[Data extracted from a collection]
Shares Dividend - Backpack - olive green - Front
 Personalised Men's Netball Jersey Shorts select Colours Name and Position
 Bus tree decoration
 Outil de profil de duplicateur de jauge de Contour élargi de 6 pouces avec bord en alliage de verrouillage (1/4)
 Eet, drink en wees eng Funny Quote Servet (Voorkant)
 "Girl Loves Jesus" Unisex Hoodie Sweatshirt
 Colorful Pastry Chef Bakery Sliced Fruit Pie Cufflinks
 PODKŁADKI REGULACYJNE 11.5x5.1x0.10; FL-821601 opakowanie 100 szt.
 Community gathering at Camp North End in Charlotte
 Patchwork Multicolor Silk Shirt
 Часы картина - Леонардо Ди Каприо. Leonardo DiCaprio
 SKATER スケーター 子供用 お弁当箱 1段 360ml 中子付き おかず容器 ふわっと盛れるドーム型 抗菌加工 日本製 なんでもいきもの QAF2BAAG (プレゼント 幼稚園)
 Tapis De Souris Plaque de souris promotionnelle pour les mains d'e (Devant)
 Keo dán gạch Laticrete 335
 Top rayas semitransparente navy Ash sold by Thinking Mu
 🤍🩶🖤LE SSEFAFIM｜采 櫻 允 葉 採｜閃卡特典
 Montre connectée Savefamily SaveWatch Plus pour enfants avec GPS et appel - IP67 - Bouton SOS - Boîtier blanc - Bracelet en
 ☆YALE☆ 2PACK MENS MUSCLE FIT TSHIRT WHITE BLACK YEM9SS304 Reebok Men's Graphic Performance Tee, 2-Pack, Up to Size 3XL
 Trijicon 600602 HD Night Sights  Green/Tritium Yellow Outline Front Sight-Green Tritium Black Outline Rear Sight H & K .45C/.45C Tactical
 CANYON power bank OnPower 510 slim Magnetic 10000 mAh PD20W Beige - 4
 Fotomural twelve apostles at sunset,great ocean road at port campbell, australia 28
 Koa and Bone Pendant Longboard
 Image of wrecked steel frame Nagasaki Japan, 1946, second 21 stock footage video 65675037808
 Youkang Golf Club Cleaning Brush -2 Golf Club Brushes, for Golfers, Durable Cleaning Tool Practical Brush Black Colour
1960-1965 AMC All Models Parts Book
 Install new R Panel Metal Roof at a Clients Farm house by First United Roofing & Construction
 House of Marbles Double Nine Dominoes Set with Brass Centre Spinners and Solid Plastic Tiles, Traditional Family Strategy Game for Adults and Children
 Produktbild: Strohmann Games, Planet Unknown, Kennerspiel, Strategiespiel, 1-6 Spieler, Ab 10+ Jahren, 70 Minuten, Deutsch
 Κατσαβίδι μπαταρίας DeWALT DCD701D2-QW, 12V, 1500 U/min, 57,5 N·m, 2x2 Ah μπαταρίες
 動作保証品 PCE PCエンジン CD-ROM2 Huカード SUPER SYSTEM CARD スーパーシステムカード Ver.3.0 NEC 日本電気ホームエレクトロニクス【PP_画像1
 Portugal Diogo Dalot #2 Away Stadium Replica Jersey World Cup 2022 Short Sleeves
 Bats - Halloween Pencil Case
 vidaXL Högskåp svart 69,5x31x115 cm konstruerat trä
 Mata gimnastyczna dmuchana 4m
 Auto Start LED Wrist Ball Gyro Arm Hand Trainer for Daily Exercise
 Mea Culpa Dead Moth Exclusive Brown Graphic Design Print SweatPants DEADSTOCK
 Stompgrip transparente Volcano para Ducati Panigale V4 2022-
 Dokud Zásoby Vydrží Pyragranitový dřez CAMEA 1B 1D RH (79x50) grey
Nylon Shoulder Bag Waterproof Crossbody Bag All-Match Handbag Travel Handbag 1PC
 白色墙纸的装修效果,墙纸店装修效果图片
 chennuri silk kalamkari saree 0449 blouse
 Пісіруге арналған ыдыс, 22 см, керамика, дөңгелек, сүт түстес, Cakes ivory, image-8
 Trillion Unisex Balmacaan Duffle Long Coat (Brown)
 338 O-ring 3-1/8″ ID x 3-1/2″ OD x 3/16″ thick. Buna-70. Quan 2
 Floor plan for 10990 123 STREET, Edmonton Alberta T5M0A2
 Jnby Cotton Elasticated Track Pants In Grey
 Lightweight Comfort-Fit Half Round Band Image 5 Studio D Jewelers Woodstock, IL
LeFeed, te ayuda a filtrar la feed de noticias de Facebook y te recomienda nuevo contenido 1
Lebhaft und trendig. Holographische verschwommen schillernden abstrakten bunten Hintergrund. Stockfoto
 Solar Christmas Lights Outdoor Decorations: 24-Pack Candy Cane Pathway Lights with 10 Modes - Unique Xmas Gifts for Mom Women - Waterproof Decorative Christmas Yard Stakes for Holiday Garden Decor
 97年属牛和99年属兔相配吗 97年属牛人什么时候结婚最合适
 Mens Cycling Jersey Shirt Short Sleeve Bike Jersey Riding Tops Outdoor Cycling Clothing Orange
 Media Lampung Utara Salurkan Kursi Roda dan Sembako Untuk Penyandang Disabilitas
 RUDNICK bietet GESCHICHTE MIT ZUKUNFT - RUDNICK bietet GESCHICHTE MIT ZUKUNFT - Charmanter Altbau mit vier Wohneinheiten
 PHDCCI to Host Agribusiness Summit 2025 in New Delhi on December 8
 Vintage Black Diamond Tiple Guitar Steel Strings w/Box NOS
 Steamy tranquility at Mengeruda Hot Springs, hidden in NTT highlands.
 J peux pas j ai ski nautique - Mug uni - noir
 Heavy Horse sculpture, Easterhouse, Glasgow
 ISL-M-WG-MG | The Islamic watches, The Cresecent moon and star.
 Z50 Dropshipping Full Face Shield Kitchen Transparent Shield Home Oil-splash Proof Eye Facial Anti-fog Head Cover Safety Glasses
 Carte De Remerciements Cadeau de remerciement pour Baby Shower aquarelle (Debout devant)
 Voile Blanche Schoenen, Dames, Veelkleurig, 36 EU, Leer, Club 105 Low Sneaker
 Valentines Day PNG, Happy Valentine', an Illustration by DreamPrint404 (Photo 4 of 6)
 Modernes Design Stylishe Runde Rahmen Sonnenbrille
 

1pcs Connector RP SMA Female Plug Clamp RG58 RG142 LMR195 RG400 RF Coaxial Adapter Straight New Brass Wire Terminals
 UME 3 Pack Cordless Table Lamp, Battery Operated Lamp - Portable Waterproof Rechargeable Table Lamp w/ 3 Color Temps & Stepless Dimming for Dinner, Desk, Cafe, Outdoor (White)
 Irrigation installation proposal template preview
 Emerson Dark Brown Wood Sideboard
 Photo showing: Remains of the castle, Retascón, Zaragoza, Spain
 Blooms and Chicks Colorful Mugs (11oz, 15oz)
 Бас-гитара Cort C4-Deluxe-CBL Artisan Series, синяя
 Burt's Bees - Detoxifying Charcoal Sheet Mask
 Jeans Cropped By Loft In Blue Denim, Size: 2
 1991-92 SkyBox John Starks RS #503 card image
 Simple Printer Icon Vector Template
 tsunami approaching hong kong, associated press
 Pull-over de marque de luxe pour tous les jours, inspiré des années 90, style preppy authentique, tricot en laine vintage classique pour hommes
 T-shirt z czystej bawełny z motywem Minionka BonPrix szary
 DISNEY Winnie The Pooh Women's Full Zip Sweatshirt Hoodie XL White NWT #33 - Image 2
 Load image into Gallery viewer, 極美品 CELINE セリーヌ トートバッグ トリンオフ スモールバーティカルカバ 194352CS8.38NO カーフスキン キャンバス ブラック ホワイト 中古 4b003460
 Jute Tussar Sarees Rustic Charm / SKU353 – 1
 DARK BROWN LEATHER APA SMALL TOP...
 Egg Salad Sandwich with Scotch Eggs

The task: Extract all of the data exactly as written.

Solution to the problem:
Shares Dividend - Backpack - olive green - Front
 Personalised Men's Netball Jersey Shorts select Colours Name and Position
 Bus tree decoration
 Outil de profil de duplicateur de jauge de Contour élargi de 6 pouces avec bord en alliage de verrouillage (1/4)
 Eet, drink en wees eng Funny Quote Servet (Voorkant)
 "Girl Loves Jesus" Unisex Hoodie Sweatshirt
 Colorful Pastry Chef Bakery Sliced Fruit Pie Cufflinks
 PODKŁADKI REGULACYJNE 11.5x5.1x0.10; FL-821601 opakowanie 100 szt.
 Community gathering at Camp North End in Charlotte
 Patchwork Multicolor Silk Shirt
 Часы картина - Леонардо Ди Каприо. Leonardo DiCaprio
 SKATER スケーター 子供用 お弁当箱 1段 360ml 中子付き おかず容器 ふわっと盛れるドーム型 抗菌加工 日本製 なんでもいきもの QAF2BAAG (プレゼント 幼稚園)
 Tapis De Souris Plaque de souris promotionnelle pour les mains d'e (Devant)
 Keo dán gạch Laticrete 335
 Top rayas semitransparente navy Ash sold by Thinking Mu
 🤍🩶🖤LE SSEFAFIM｜采 櫻 允 葉 採｜閃卡特典
 Montre connectée Savefamily SaveWatch Plus pour enfants avec GPS et appel - IP67 - Bouton SOS - Boîtier blanc - Bracelet en
 ☆YALE☆ 2PACK MENS MUSCLE FIT TSHIRT WHITE BLACK YEM9SS304 Reebok Men's Graphic Performance Tee, 2-Pack, Up to Size 3XL
 Trijicon 600602 HD Night Sights  Green/Tritium Yellow Outline Front Sight-Green Tritium Black Outline Rear Sight H & K .45C/.45C Tactical
 CANYON power bank OnPower 510 slim Magnetic 10000 mAh PD20W Beige - 4
 Fotomural twelve apostles at sunset,great ocean road at port campbell, australia 28
 Koa and Bone Pendant Longboard
 Image of wrecked steel frame Nagasaki Japan, 1946, second 21 stock footage video 65675037808
 Youkang Golf Club Cleaning Brush -2 Golf Club Brushes, for Golfers, Durable Cleaning Tool Practical Brush Black Colour
1960-1965 AMC All Models Parts Book
 Install new R Panel Metal Roof at a Clients Farm house by First United Roofing & Construction
 House of Marbles Double Nine Dominoes Set with Brass Centre Spinners and Solid Plastic Tiles, Traditional Family Strategy Game for Adults and Children
 Produktbild: Strohmann Games, Planet Unknown, Kennerspiel, Strategiespiel, 1-6 Spieler, Ab 10+ Jahren, 70 Minuten, Deutsch
 Κατσαβίδι μπαταρίας DeWALT DCD701D2-QW, 12V, 1500 U/min, 57,5 N·m, 2x2 Ah μπαταρίες
 動作保証品 PCE PCエンジン CD-ROM2 Huカード SUPER SYSTEM CARD スーパーシステムカード Ver.3.0 NEC 日本電気ホームエレクトロニクス【PP_画像1
 Portugal Diogo Dalot #2 Away Stadium Replica Jersey World Cup 2022 Short Sleeves
 Bats - Halloween Pencil Case
 vidaXL Högskåp svart 69,5x31x115 cm konstruerat trä
 Mata gimnastyczna dmuchana 4m
 Auto Start LED Wrist Ball Gyro Arm Hand Trainer for Daily Exercise
 Mea Culpa Dead Moth Exclusive Brown Graphic Design Print SweatPants DEADSTOCK
 Stompgrip transparente Volcano para Ducati Panigale V4 2022-
 Dokud Zásoby Vydrží Pyragranitový dřez CAMEA 1B 1D RH (79x50) grey
Nylon Shoulder Bag Waterproof Crossbody Bag All-Match Handbag Travel Handbag 1PC
 白色墙纸的装修效果,墙纸店装修效果图片
 chennuri silk kalamkari saree 0449 blouse
 Пісіруге арналған ыдыс, 22 см, керамика, дөңгелек, сүт түстес, Cakes ivory, image-8
 Trillion Unisex Balmacaan Duffle Long Coat (Brown)
 338 O-ring 3-1/8″ ID x 3-1/2″ OD x 3/16″ thick. Buna-70. Quan 2
 Floor plan for 10990 123 STREET, Edmonton Alberta T5M0A2
 Jnby Cotton Elasticated Track Pants In Grey
 Lightweight Comfort-Fit Half Round Band Image 5 Studio D Jewelers Woodstock, IL
LeFeed, te ayuda a filtrar la feed de noticias de Facebook y te recomienda nuevo contenido 1
Lebhaft und trendig. Holographische verschwommen schillernden abstrakten bunten Hintergrund. Stockfoto
 Solar Christmas Lights Outdoor Decorations: 24-Pack Candy Cane Pathway Lights with 10 Modes - Unique Xmas Gifts for Mom Women - Waterproof Decorative Christmas Yard Stakes for Holiday Garden Decor
 97年属牛和99年属兔相配吗 97年属牛人什么时候结婚最合适
 Mens Cycling Jersey Shirt Short Sleeve Bike Jersey Riding Tops Outdoor Cycling Clothing Orange
 Media Lampung Utara Salurkan Kursi Roda dan Sembako Untuk Penyandang Disabilitas
 RUDNICK bietet GESCHICHTE MIT ZUKUNFT - RUDNICK bietet GESCHICHTE MIT ZUKUNFT - Charmanter Altbau mit vier Wohneinheiten
 PHDCCI to Host Agribusiness Summit 2025 in New Delhi on December 8
 Vintage Black Diamond Tiple Guitar Steel Strings w/Box NOS
 Steamy tranquility at Mengeruda Hot Springs, hidden in NTT highlands.
 J peux pas j ai ski nautique - Mug uni - noir
 Heavy Horse sculpture, Easterhouse, Glasgow
 ISL-M-WG-MG | The Islamic watches, The Cresecent moon and star.
 Z50 Dropshipping Full Face Shield Kitchen Transparent Shield Home Oil-splash Proof Eye Facial Anti-fog Head Cover Safety Glasses
 Carte De Remerciements Cadeau de remerciement pour Baby Shower aquarelle (Debout devant)
 Voile Blanche Schoenen, Dames, Veelkleurig, 36 EU, Leer, Club 105 Low Sneaker
 Valentines Day PNG, Happy Valentine', an Illustration by DreamPrint404 (Photo 4 of 6)
 Modernes Design Stylishe Runde Rahmen Sonnenbrille
 

1pcs Connector RP SMA Female Plug Clamp RG58 RG142 LMR195 RG400 RF Coaxial Adapter Straight New Brass Wire Terminals
 UME 3 Pack Cordless Table Lamp, Battery Operated Lamp - Portable Waterproof Rechargeable Table Lamp w/ 3 Color Temps & Stepless Dimming for Dinner, Desk, Cafe, Outdoor (White)
 Irrigation installation proposal template preview
 Emerson Dark Brown Wood Sideboard
 Photo showing: Remains of the castle, Retascón, Zaragoza, Spain
 Blooms and Chicks Colorful Mugs (11oz, 15oz)
 Бас-гитара Cort C4-Deluxe-CBL Artisan Series, синяя
 Burt's Bees - Detoxifying Charcoal Sheet Mask
 Jeans Cropped By Loft In Blue Denim, Size: 2
 1991-92 SkyBox John Starks RS #503 card image
 Simple Printer Icon Vector Template
 tsunami approaching hong kong, associated press
 Pull-over de marque de luxe pour tous les jours, inspiré des années 90, style preppy authentique, tricot en laine vintage classique pour hommes
 T-shirt z czystej bawełny z motywem Minionka BonPrix szary
 DISNEY Winnie The Pooh Women's Full Zip Sweatshirt Hoodie XL White NWT #33 - Image 2
 Load image into Gallery viewer, 極美品 CELINE セリーヌ トートバッグ トリンオフ スモールバーティカルカバ 194352CS8.38NO カーフスキン キャンバス ブラック ホワイト 中古 4b003460
 Jute Tussar Sarees Rustic Charm / SKU353 – 1
 DARK BROWN LEATHER APA SMALL TOP...
 Egg Salad Sandwich with Scotch Eggs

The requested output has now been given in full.